Fig. 3Prediction of the disease course after sepsis onset based on rare deleterious, protein affecting SNVs.
Application of the classification model following the rules listed in (a) on 59 Greek (b) and 15 German sepsis patients (c). The samples are shown in columns and sorted according to their class label (32 × GR-A vs. 27 × GR-B and 5 × DE-A vs. 10 × DE-B). First and last row depict sample's categorization and model prediction, respectively. The middle rows show the genes that are affected by SNVs and grouped according to terms. For color code see legend (a).
Fig. 4Structural model of the PAR1-Gα14 complex indicating a functional impact of amino acid exchange R33C in Gα14.
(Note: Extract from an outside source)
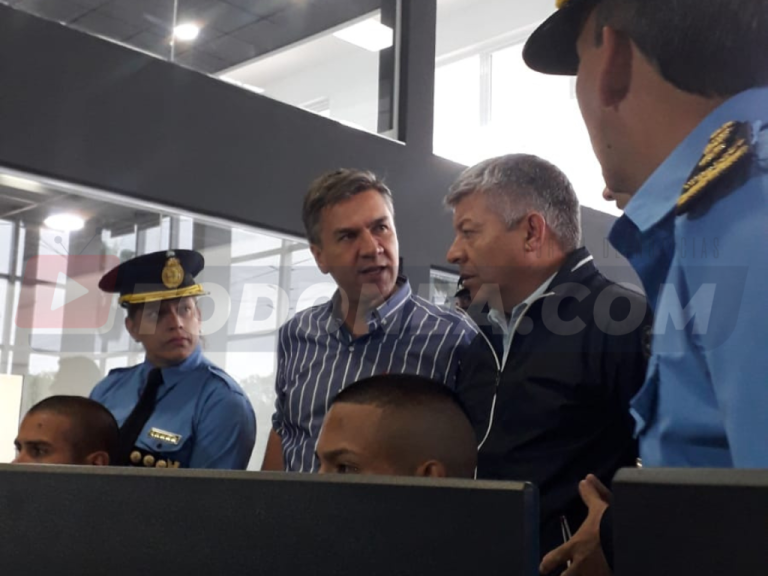 🔴 SÁENZ PEÑA | Leandro Zdero visitó las instalaciones del Centro de Monitoreo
(a) The known structure of the human protease-activated receptor 1 (PAR1) (Zhang et al., 2012) was aligned with that of the β2-adrenoceptor (β2AR) contained in the quaternary complex between the agonist-bound form of β2AR with heterotrimeric Gs (α, βγ) (Chung et al., 2011) using the PyMOL Molecular Graphics System. The structure of the N-terminus of Gα14 was predicted with Swiss-Model using the structure of human Gαq as a model (Nishimura et al., 2010) and aligned with the N-terminus of Gαs in the β2AR-Gs-complex. The structures of Gβ1 and Gγ2 are those of the β2AR-Gs-complex. (b) Detailed view of the predicted contact site between PAR1 and the amino terminus of Gα14. The junction between transmembrane helices III and IV are missing in the structure of PAR1, presumably due to flexibility of the loop. The C- and N-terminal ends of helices III and IV, respectively, in the structure of PAR1 are marked by circles. In this region, the structure of β2AR is shown in light purple. R33 of Gα14 is likely to come into very close proximity to the second intracellular loop of PAR1. For example, its distance to Gln142 of β2-AR, corresponding to L211 of PAR1, previously shown to be important for PAR1-Gq-coupling (Zhang et al., 2012), would be < 3 Å in this model.